Saved entries:
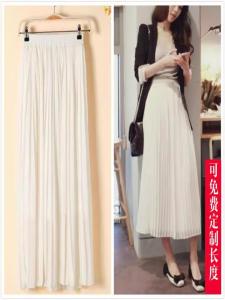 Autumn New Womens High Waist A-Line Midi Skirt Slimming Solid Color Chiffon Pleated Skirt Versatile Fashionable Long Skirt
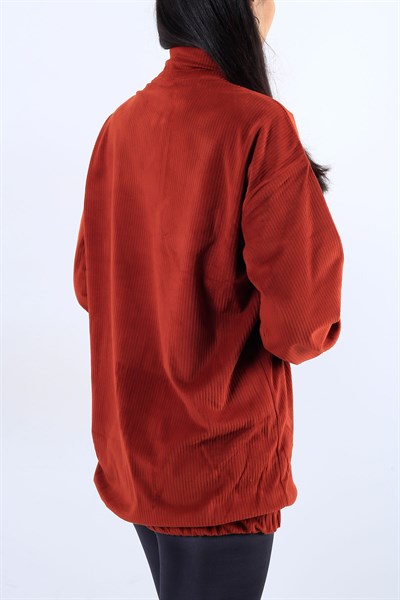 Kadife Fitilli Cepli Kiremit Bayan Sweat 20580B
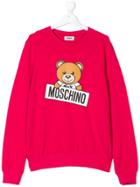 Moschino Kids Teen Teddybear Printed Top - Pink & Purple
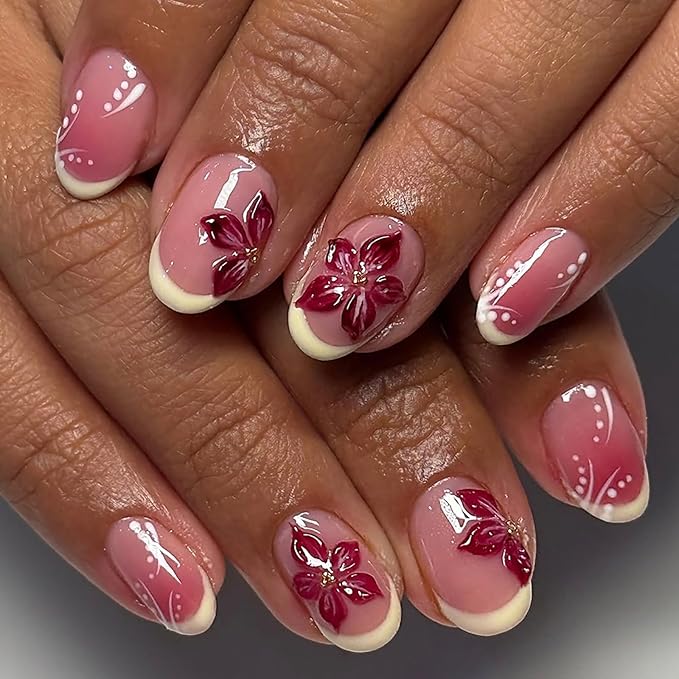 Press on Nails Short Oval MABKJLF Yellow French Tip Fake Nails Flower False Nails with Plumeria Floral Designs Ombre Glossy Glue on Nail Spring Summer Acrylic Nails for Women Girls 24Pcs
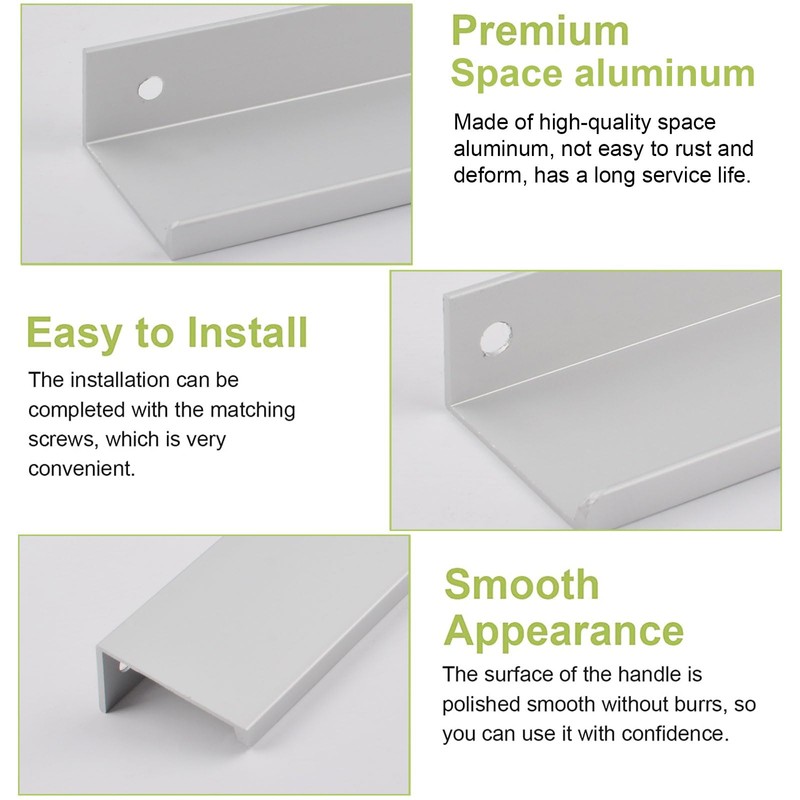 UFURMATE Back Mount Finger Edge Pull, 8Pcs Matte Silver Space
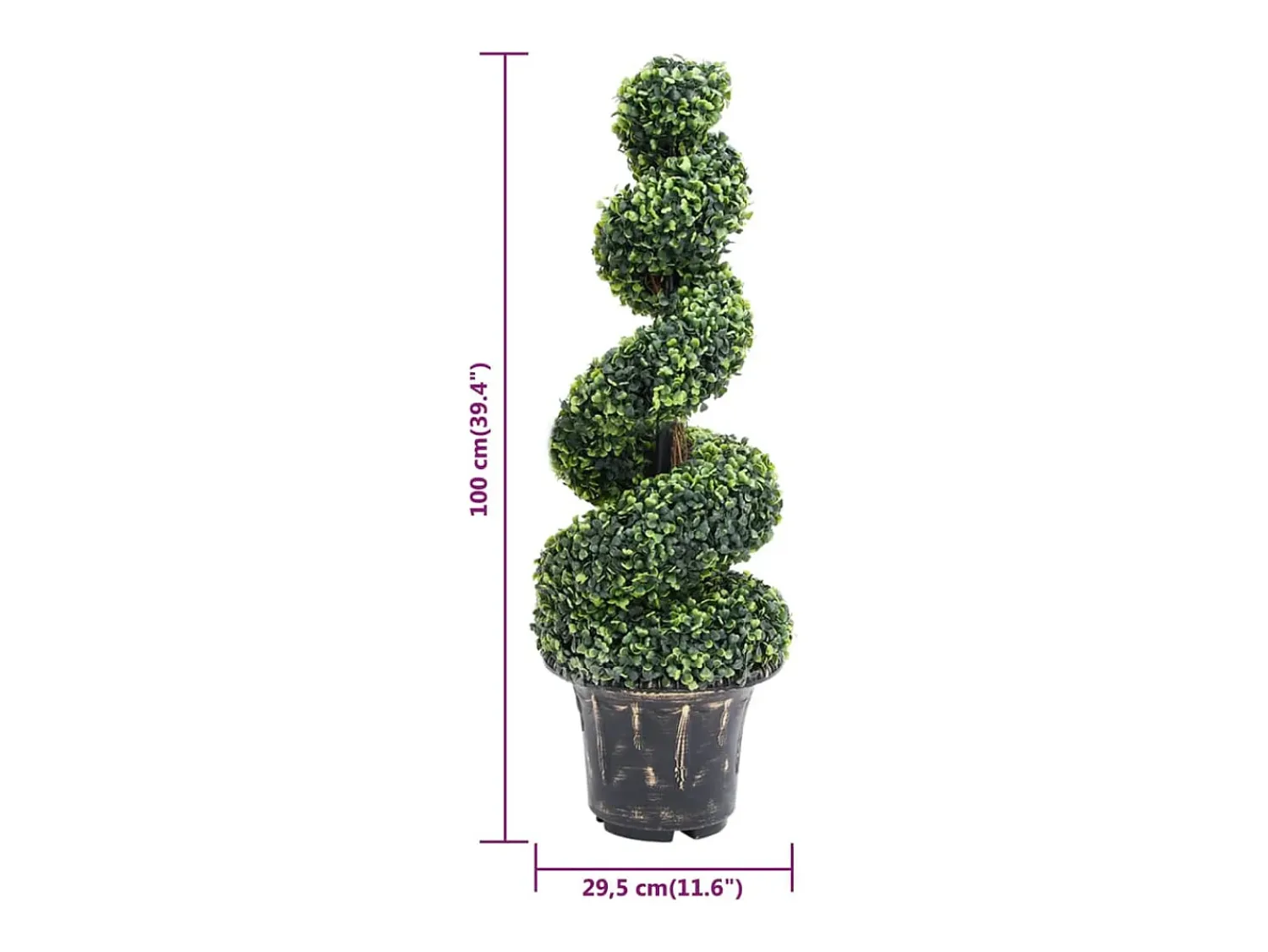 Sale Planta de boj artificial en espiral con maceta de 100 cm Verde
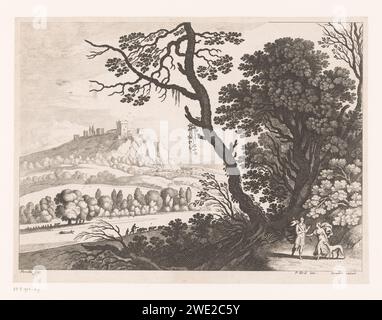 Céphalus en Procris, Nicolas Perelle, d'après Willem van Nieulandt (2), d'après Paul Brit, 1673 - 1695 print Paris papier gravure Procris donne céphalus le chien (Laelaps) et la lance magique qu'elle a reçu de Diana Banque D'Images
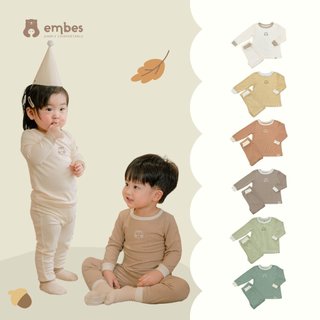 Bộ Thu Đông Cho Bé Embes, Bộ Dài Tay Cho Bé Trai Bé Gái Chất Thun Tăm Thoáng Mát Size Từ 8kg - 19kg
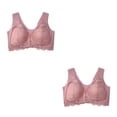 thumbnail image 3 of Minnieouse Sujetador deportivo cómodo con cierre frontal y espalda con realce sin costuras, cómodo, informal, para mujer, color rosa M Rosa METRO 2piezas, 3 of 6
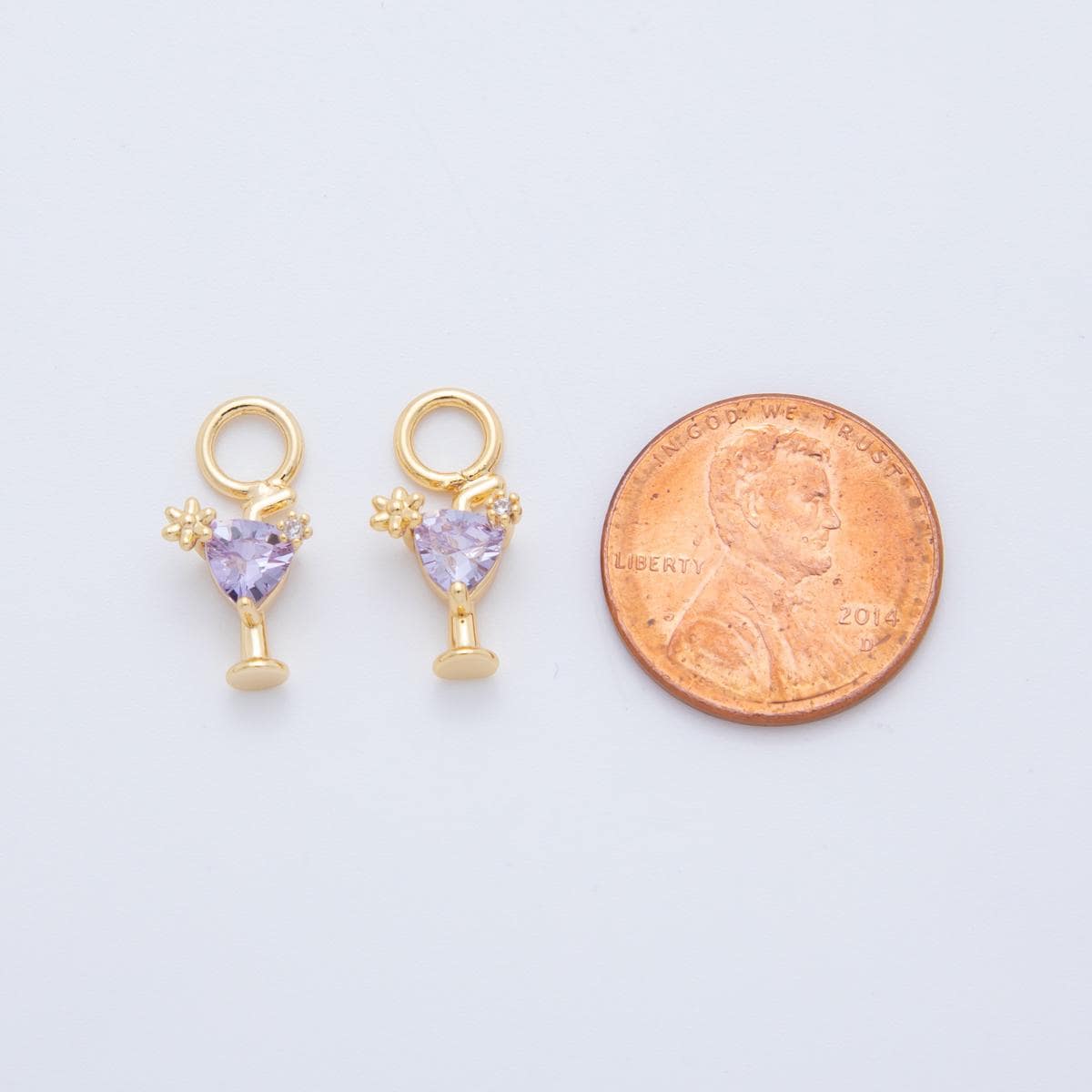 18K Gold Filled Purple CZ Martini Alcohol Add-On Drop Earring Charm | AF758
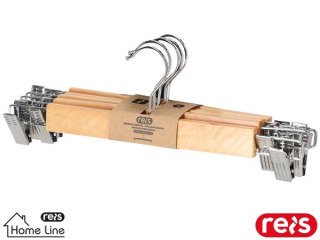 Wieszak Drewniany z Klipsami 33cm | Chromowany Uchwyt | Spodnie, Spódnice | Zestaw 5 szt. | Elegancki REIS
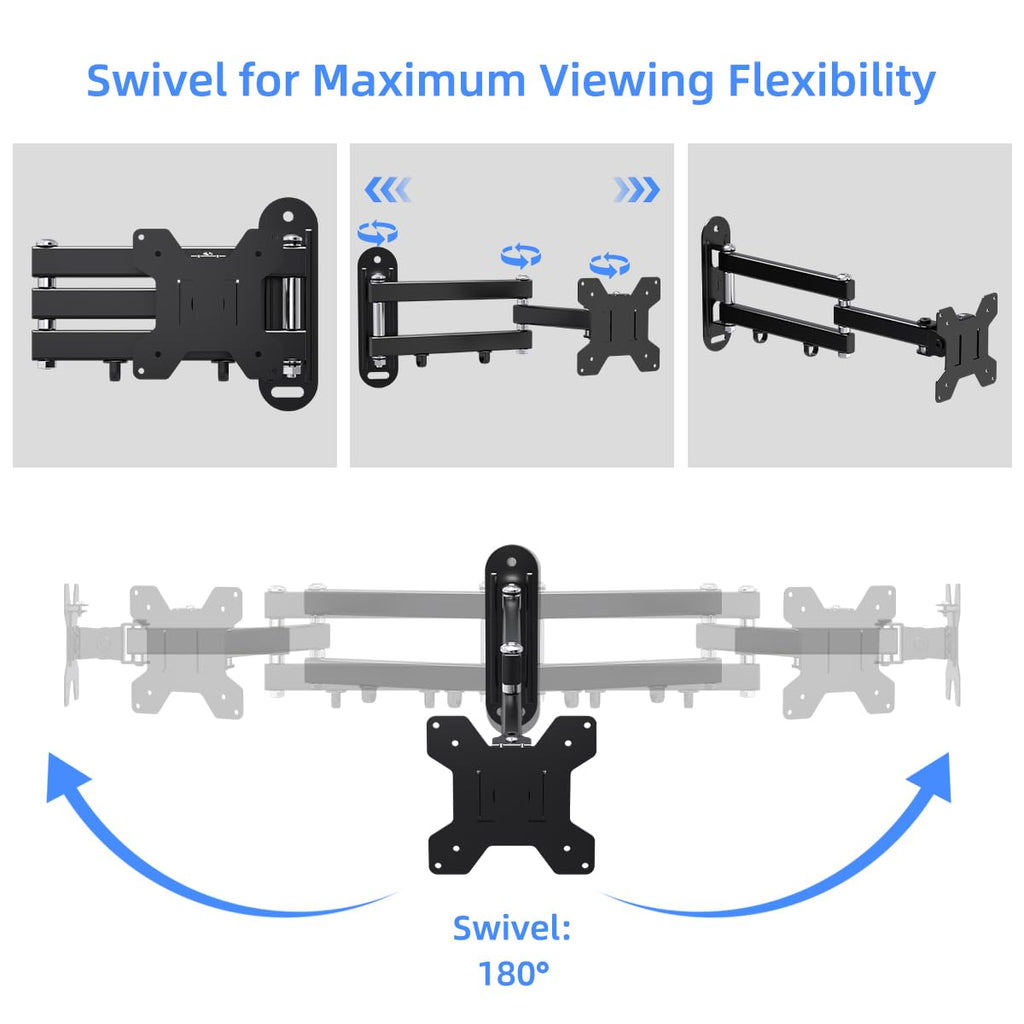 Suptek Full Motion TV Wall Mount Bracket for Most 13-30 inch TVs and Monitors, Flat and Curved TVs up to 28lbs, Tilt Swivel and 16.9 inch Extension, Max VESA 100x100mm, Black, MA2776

What the task requires: Repeat the records word for word, skipping pictures.

Solution to the exercise:
 Autumn New Womens High Waist A-Line Midi Skirt Slimming Solid Color Chiffon Pleated Skirt Versatile Fashionable Long Skirt
 Kadife Fitilli Cepli Kiremit Bayan Sweat 20580B
 Moschino Kids Teen Teddybear Printed Top - Pink & Purple
 Press on Nails Short Oval MABKJLF Yellow French Tip Fake Nails Flower False Nails with Plumeria Floral Designs Ombre Glossy Glue on Nail Spring Summer Acrylic Nails for Women Girls 24Pcs
 UFURMATE Back Mount Finger Edge Pull, 8Pcs Matte Silver Space
 Sale Planta de boj artificial en espiral con maceta de 100 cm Verde
 Céphalus en Procris, Nicolas Perelle, d'après Willem van Nieulandt (2), d'après Paul Brit, 1673 - 1695 print Paris papier gravure Procris donne céphalus le chien (Laelaps) et la lance magique qu'elle a reçu de Diana Banque D'Images
 Bộ Thu Đông Cho Bé Embes, Bộ Dài Tay Cho Bé Trai Bé Gái Chất Thun Tăm Thoáng Mát Size Từ 8kg - 19kg
 thumbnail image 3 of Minnieouse Sujetador deportivo cómodo con cierre frontal y espalda con realce sin costuras, cómodo, informal, para mujer, color rosa M Rosa METRO 2piezas, 3 of 6
 18K Gold Filled Purple CZ Martini Alcohol Add-On Drop Earring Charm | AF758
 Wieszak Drewniany z Klipsami 33cm | Chromowany Uchwyt | Spodnie, Spódnice | Zestaw 5 szt. | Elegancki REIS
 Suptek Full Motion TV Wall Mount Bracket for Most 13-30 inch TVs and Monitors, Flat and Curved TVs up to 28lbs, Tilt Swivel and 16.9 inch Extension, Max VESA 100x100mm, Black, MA2776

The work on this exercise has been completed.